Leicestershire beauty spot declared SSSI

A Leicestershire beauty spot rich in rare wildflowers is now protected for future generations after being declared a Site of Special Scientific Interest (SSSI).

Johnson’s Meadows, with its 6.5 hectares (16 acres) of unspoiled grasslands, is also a haven for wildlife. Lying between the villages of Woodhouse Eaves and Woodhouse, north of Leicester, it is one of several SSSIs in Charnwood Forest.

The meadows – encircled by tall, wide hedgerows – support an impressive variety of grasses, such as crested dogs-tail, red fescue and sweet vernal grass. Among them grow wildflowers including common knapweed, great burnet and meadow buttercup. Perhaps the most striking is the marsh orchid. Flowering from late May to early summer, it flourishes in the meadows.

Image shows a close up of the grasslands dotted with wild flowers

Many rare wild flowers grow in the grasslands

The site also contains heritage features in the form of medieval ridge-and-furrow earthworks and the remains of a medieval settlement. These further demonstrate the antiquity of the grassland and conservation importance of the site.
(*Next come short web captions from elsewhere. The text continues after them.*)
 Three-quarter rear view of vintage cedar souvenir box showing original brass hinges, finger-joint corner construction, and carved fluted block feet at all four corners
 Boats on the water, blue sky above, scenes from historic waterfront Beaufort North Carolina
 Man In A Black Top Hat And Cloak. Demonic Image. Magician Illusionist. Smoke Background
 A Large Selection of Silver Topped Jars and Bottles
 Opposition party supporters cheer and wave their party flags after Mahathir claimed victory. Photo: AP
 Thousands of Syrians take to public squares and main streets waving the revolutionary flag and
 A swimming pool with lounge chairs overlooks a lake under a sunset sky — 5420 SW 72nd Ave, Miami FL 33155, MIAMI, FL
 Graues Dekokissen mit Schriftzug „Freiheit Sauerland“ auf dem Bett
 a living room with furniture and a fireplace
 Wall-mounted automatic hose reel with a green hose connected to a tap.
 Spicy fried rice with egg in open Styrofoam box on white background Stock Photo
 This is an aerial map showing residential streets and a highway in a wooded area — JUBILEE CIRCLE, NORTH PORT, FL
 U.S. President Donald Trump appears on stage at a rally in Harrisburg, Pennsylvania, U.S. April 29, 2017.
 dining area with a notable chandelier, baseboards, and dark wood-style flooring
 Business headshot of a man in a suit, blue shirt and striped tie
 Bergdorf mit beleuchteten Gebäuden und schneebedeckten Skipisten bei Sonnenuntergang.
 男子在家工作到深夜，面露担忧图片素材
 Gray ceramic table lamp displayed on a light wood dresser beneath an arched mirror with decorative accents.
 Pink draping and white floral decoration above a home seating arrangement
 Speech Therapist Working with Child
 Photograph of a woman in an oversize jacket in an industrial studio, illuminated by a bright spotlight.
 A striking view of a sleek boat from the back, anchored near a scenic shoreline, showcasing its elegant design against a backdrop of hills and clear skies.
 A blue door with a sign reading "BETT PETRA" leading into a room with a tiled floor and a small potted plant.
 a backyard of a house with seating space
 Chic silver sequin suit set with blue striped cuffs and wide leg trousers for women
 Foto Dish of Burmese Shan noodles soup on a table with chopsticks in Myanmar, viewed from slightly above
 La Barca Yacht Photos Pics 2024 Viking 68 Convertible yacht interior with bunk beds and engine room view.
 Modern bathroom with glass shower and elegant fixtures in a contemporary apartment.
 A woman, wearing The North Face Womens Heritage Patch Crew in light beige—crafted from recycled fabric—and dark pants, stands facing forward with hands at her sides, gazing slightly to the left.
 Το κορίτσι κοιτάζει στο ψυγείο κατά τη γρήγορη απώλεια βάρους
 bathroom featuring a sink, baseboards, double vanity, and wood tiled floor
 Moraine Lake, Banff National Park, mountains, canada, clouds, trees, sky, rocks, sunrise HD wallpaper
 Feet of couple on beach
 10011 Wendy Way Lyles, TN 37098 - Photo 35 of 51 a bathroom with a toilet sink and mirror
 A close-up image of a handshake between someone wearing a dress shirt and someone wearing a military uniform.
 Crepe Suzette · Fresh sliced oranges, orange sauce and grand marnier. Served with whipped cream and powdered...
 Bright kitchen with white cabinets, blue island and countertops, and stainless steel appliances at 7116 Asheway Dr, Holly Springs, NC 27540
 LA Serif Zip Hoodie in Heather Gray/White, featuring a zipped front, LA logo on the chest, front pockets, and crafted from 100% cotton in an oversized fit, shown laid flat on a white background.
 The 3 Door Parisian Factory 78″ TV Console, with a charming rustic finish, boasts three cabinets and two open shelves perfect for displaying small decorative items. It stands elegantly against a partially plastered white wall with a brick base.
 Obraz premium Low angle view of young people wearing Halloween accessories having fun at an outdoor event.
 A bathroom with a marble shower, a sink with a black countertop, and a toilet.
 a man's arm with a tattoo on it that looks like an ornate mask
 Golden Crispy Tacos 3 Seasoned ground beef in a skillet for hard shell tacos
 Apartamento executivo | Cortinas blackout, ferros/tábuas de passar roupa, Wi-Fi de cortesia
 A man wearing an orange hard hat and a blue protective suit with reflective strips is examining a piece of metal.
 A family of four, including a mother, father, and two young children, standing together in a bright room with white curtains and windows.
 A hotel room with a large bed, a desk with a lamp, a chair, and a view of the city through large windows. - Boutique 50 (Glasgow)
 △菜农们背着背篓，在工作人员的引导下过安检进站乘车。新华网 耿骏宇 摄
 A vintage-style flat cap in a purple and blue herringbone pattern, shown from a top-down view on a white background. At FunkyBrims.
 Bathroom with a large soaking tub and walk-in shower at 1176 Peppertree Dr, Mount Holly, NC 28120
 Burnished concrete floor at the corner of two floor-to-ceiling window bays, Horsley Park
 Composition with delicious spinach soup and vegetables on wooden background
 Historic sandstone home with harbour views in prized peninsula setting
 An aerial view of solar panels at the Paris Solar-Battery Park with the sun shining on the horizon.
The land has been handed down through the Johnson family for 3 generations. They continue to manage the meadows in a traditional and environmentally sympathetic manner.

Speaking as one, the Johnson family said:

We feel privileged to be the guardians of our meadows embracing our role to protect them. It’s exciting to meet and work with environmental experts and we look forward to encouraging more biodiversity to this wildlife haven, for future generations of the family to enjoy.

Image shows four female members of the Johnson family, plus a baby and a small black dog, in a field of tall grass and wildflowers

The Johnson family has managed the meadows over 3 generations

Natural England will continue its partnership with owners of Johnson’s Meadows, both old and new, to promote and maintain positive management of the wildlife and the meadows.

The site joins more than 4,100 SSSIs that form the backbone of nature conservation in England. The country has seen a 97% decline in this rare type of habitat over the past 50 years.